Para a antiga jornalista Sherine Tadros, diretora do escritório da Amnistia Internacional junto da ONU, por exemplo, Guterres foi inexplicavelmente omisso, nos primeiros meses, sobre a guerra do Iémen: “Do que está ele à espera para pressionar a Arábia Saudita, a coligação [árabe apoiada pelos EUA] para parar esta guerra? O que está ele a fazer para mediar entre os huthis (rebeldes) e os sauditas? Não vemos esforços”, afirmou.

Tadros criticou também a pouca assertividade de Guterres na questão dos colonatos israelitas em Gaza: “Em vez de apresentar um relatório escrito sobre a falta de aplicação da resolução da ONU por parte de Israel nesta matéria, o secretário-geral limitou-se a mandar um dos seus enviados fazer um update oral – sem nada escrito – aos membros do Conselho de Segurança”.

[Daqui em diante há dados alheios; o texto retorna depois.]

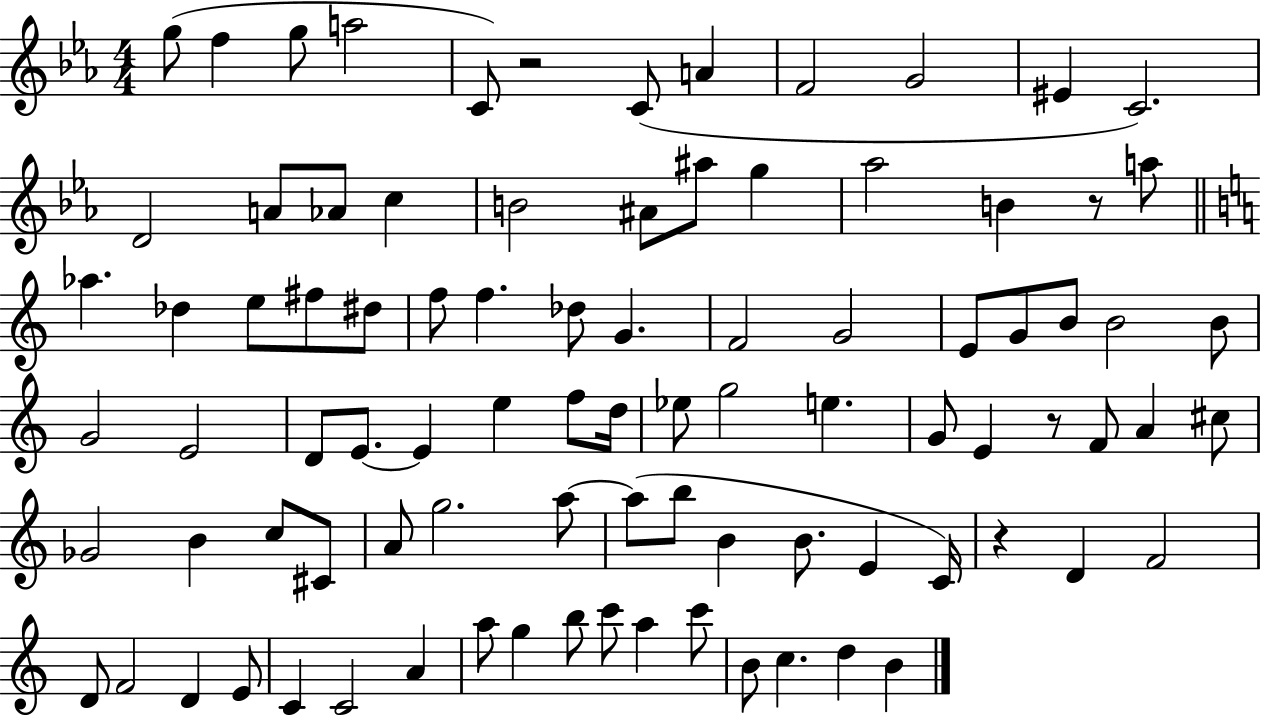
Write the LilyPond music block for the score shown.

{
  \clef treble
  \numericTimeSignature
  \time 4/4
  \key ees \major
  g''8( f''4 g''8 a''2 | c'8) r2 c'8( a'4 | f'2 g'2 | eis'4 c'2.) | \break d'2 a'8 aes'8 c''4 | b'2 ais'8 ais''8 g''4 | aes''2 b'4 r8 a''8 | \bar "||" \break \key c \major aes''4. des''4 e''8 fis''8 dis''8 | f''8 f''4. des''8 g'4. | f'2 g'2 | e'8 g'8 b'8 b'2 b'8 | \break g'2 e'2 | d'8 e'8.~~ e'4 e''4 f''8 d''16 | ees''8 g''2 e''4. | g'8 e'4 r8 f'8 a'4 cis''8 | \break ges'2 b'4 c''8 cis'8 | a'8 g''2. a''8~~ | a''8( b''8 b'4 b'8. e'4 c'16) | r4 d'4 f'2 | \break d'8 f'2 d'4 e'8 | c'4 c'2 a'4 | a''8 g''4 b''8 c'''8 a''4 c'''8 | b'8 c''4. d''4 b'4 | \break \bar "|."
}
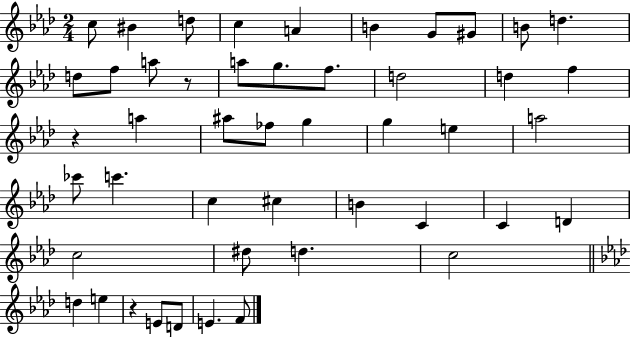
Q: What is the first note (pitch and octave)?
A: C5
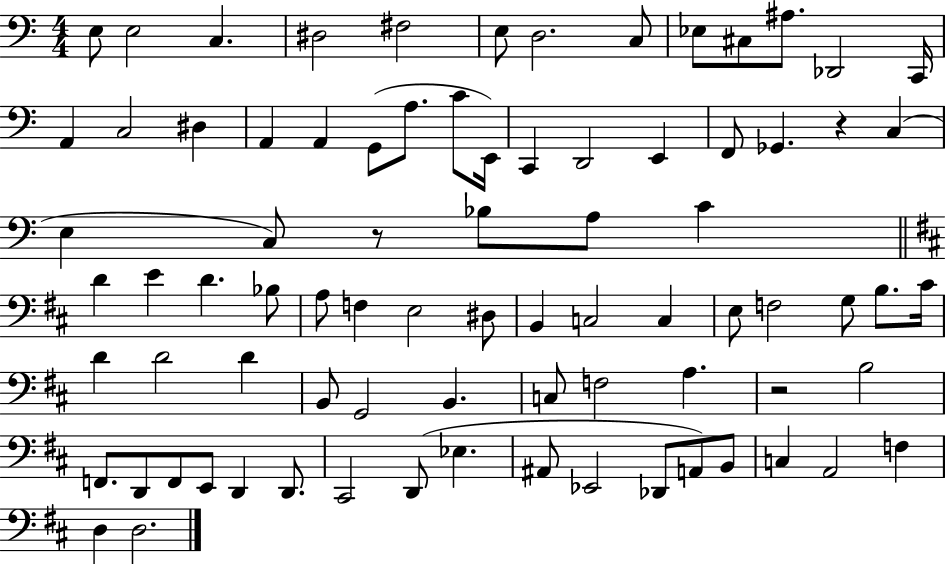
{
  \clef bass
  \numericTimeSignature
  \time 4/4
  \key c \major
  \repeat volta 2 { e8 e2 c4. | dis2 fis2 | e8 d2. c8 | ees8 cis8 ais8. des,2 c,16 | \break a,4 c2 dis4 | a,4 a,4 g,8( a8. c'8 e,16) | c,4 d,2 e,4 | f,8 ges,4. r4 c4( | \break e4 c8) r8 bes8 a8 c'4 | \bar "||" \break \key d \major d'4 e'4 d'4. bes8 | a8 f4 e2 dis8 | b,4 c2 c4 | e8 f2 g8 b8. cis'16 | \break d'4 d'2 d'4 | b,8 g,2 b,4. | c8 f2 a4. | r2 b2 | \break f,8. d,8 f,8 e,8 d,4 d,8. | cis,2 d,8( ees4. | ais,8 ees,2 des,8 a,8) b,8 | c4 a,2 f4 | \break d4 d2. | } \bar "|."
}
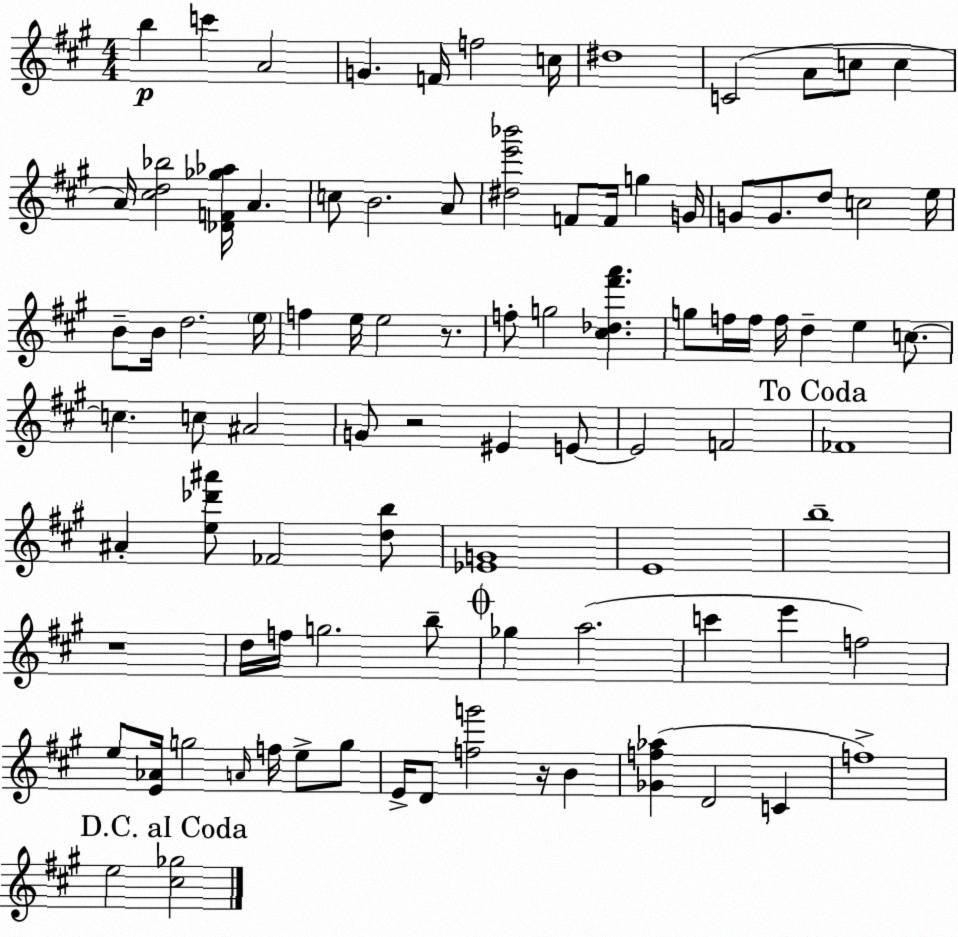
X:1
T:Untitled
M:4/4
L:1/4
K:A
b c' A2 G F/4 f2 c/4 ^d4 C2 A/2 c/2 c A/4 [^cd_b]2 [_DF_g_a]/4 A c/2 B2 A/2 [^de'_b']2 F/2 F/4 g G/4 G/2 G/2 d/2 c2 e/4 B/2 B/4 d2 e/4 f e/4 e2 z/2 f/2 g2 [^c_d^f'a'] g/2 f/4 f/4 f/4 d e c/2 c c/2 ^A2 G/2 z2 ^E E/2 E2 F2 _F4 ^A [e_d'^a']/2 _F2 [db]/2 [_EG]4 E4 b4 z4 d/4 f/4 g2 b/2 _g a2 c' e' f2 e/2 [E_A]/4 g2 A/4 f/4 e/2 g/2 E/4 D/2 [fg']2 z/4 B [_Gf_a] D2 C f4 e2 [^c_g]2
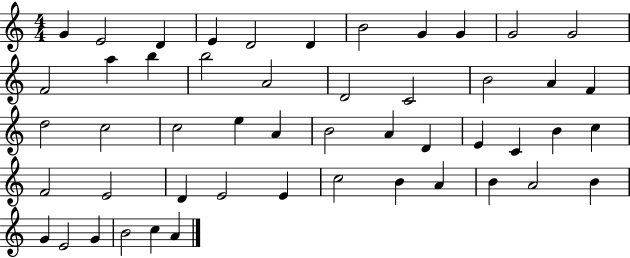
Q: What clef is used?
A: treble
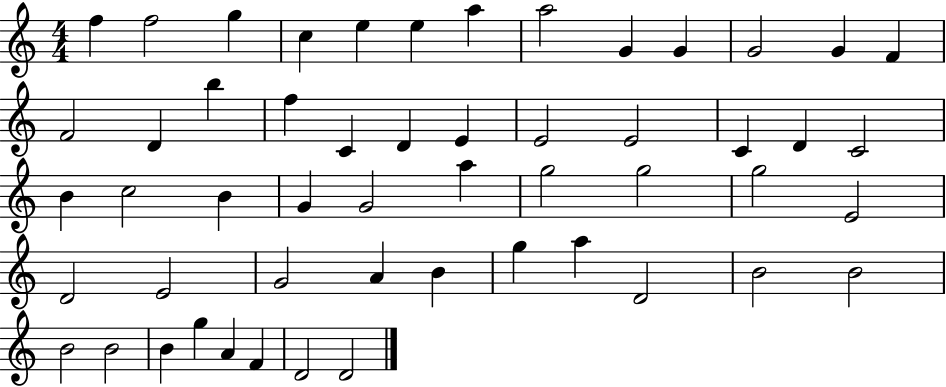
F5/q F5/h G5/q C5/q E5/q E5/q A5/q A5/h G4/q G4/q G4/h G4/q F4/q F4/h D4/q B5/q F5/q C4/q D4/q E4/q E4/h E4/h C4/q D4/q C4/h B4/q C5/h B4/q G4/q G4/h A5/q G5/h G5/h G5/h E4/h D4/h E4/h G4/h A4/q B4/q G5/q A5/q D4/h B4/h B4/h B4/h B4/h B4/q G5/q A4/q F4/q D4/h D4/h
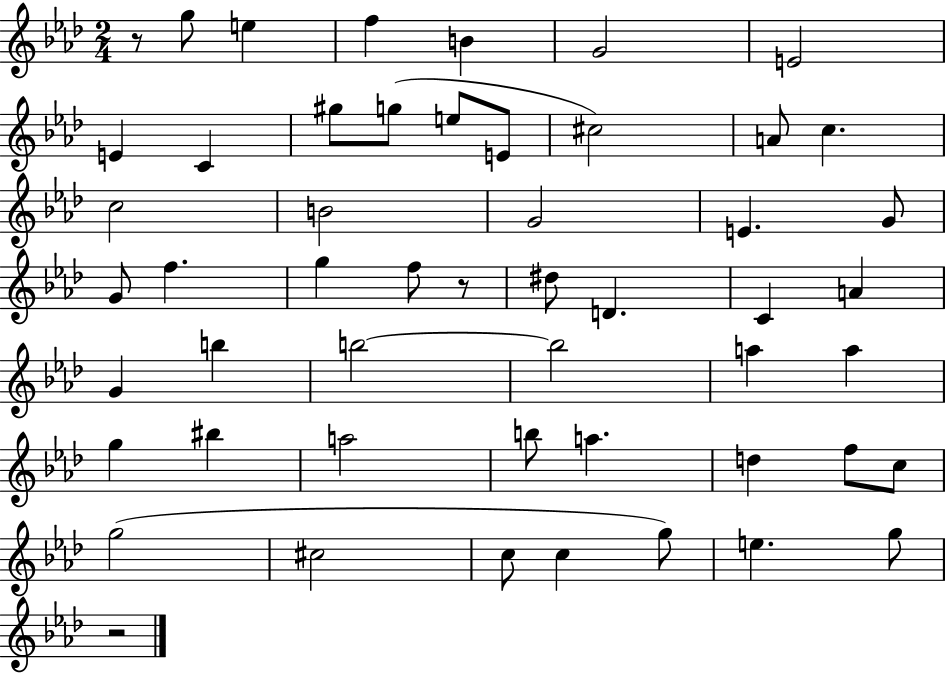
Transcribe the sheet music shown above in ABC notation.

X:1
T:Untitled
M:2/4
L:1/4
K:Ab
z/2 g/2 e f B G2 E2 E C ^g/2 g/2 e/2 E/2 ^c2 A/2 c c2 B2 G2 E G/2 G/2 f g f/2 z/2 ^d/2 D C A G b b2 b2 a a g ^b a2 b/2 a d f/2 c/2 g2 ^c2 c/2 c g/2 e g/2 z2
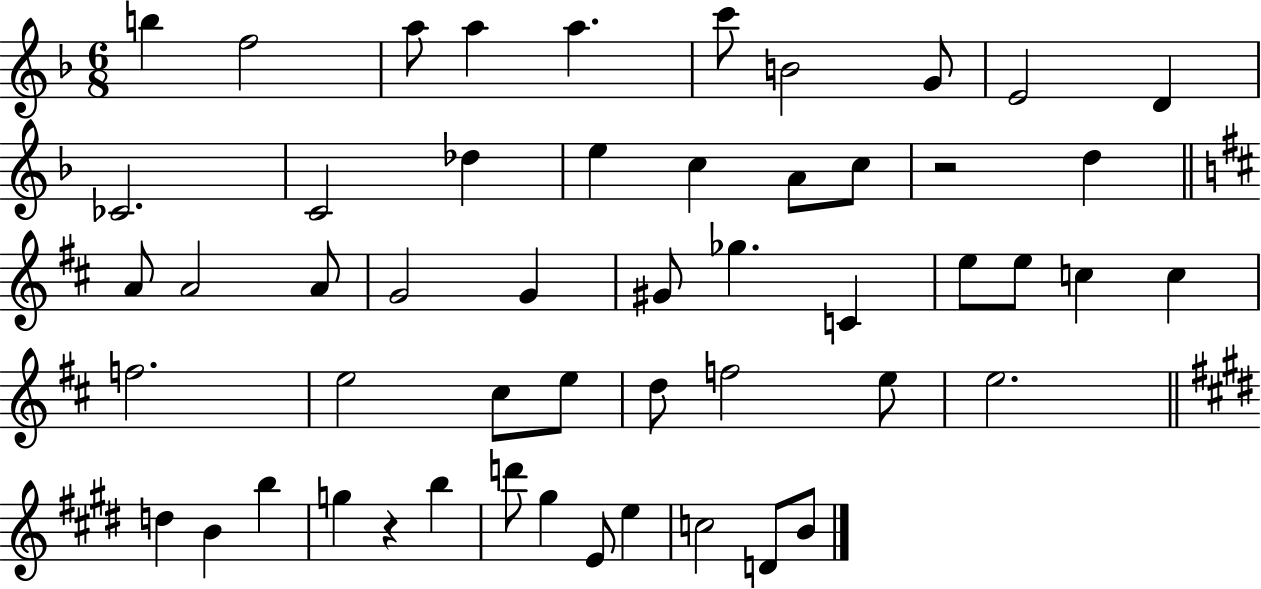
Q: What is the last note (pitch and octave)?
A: B4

Esta omissão em questões mais quentes e controversas talvez explique a sensação generalizada de desempenho aquém das expectativas, a par de uma relativamente reduzida presença mediática, tanto mais intrigante quanto é certo que Guterres é profundo conhecedor dos dossiers, expressa-se fluentemente em inglês e tem bom relacionamento com os jornalistas, ou seja, estando no cargo que está, possui todas as condições para uma intervenção mais ativa na cena internacional.

FACTOR TRUMP IMPÕE CAUTELA REDOBRADA

A atitude pouco amistosa da administração Trump para com a ONU, refletindo um velho estado de espírito de uma vasta corrente dentro do partido republicano, pode explicar o extremo cuidado de Guterres em não assumir até agora um papel mais ativo, por forma a evitar consequências negativas para a ONU em termos políticos e orçamentais.

Quando, logo no início do ano, o novo secretário-geral tentou nomear um responsável palestino para um lugar numa agência da ONU, a proposta foi liminarmente rejeitada pela embaixadora americana nas Nações Unidas.

Esta primeira experiência negativa de Guterres, que é um homem de consensos, parece ter provocado um choque de que ainda se não refez, ditando-lhe uma cautela redobrada, que se traduz numa menor exposição mediática, a qual, por sua vez, acentua a ideia de desempenho aquém das expectativas.

Pela sua competência, dedicação e empenho, Guterres merece entretanto que lhe seja dado o benefício da dúvida quanto à possibilidade de vir ainda ao encontro daquilo que dele se espera(va).

Bastará para isso que assuma com mais decisão o que parece ter sido desde sempre a sua vocação manifesta e que faz dele aliás the right man in the right place – dar voz a consensos de humanidade universais, mesmo que para isso tenha que enfrentar algumas críticas e pressões.

 

Por Carlos Fino
Jornalista português, nascido em Lisboa, em 1948. Correspondente da RTP – televisão pública portuguesa – em Moscou, Bruxelas e Washington, destacou-se como correspondente de guerra, em conflitos armados na ex-URSS, Afeganistão, Oriente Médio e Iraque. O primeiro repórter a anunciar, com imagens ao vivo, o bombardeio de Bagdad pelas tropas norte-americanas na Guerra do Golfo (2003). Foi conselheiro de imprensa da Embaixada de Portugal em Brasília (2004/2012). Escreve semanalmente para o Jornal Mundo Lusíada.